TASK STATEMENT » Please find the lines in the following records that hold "image", and copy them.

DATASET RECORDS »

================================

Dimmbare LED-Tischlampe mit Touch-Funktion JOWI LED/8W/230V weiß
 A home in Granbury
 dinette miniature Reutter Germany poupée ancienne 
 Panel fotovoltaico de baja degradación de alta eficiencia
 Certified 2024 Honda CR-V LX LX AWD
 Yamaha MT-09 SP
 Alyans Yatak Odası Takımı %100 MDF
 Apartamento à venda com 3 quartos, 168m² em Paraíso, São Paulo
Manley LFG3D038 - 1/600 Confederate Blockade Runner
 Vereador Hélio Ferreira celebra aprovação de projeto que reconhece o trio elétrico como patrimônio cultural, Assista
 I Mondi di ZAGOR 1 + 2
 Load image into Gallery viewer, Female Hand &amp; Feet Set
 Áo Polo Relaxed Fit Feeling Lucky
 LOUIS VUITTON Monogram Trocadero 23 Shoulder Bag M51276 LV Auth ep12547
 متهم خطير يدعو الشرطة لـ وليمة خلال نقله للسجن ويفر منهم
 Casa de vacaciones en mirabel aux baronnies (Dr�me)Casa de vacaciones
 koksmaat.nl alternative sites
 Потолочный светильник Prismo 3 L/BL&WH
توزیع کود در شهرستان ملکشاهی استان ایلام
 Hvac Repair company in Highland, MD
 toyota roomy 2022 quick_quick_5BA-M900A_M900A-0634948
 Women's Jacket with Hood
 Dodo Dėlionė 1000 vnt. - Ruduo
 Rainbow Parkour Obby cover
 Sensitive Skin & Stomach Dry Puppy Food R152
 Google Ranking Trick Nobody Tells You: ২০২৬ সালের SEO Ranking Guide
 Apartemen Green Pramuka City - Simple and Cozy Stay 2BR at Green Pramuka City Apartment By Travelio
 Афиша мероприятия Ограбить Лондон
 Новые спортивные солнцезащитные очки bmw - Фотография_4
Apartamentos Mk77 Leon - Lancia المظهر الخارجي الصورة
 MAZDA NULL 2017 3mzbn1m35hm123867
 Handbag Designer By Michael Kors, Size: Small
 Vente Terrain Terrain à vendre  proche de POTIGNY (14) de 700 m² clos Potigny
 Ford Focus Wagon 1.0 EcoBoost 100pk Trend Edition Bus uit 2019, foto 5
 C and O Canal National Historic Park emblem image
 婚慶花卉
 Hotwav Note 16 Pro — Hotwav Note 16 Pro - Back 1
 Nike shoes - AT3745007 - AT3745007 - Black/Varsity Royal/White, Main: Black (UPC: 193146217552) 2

================================

OUTPUT OF THE EXERCISE »
 Load image into Gallery viewer, Female Hand &amp; Feet Set
 C and O Canal National Historic Park emblem image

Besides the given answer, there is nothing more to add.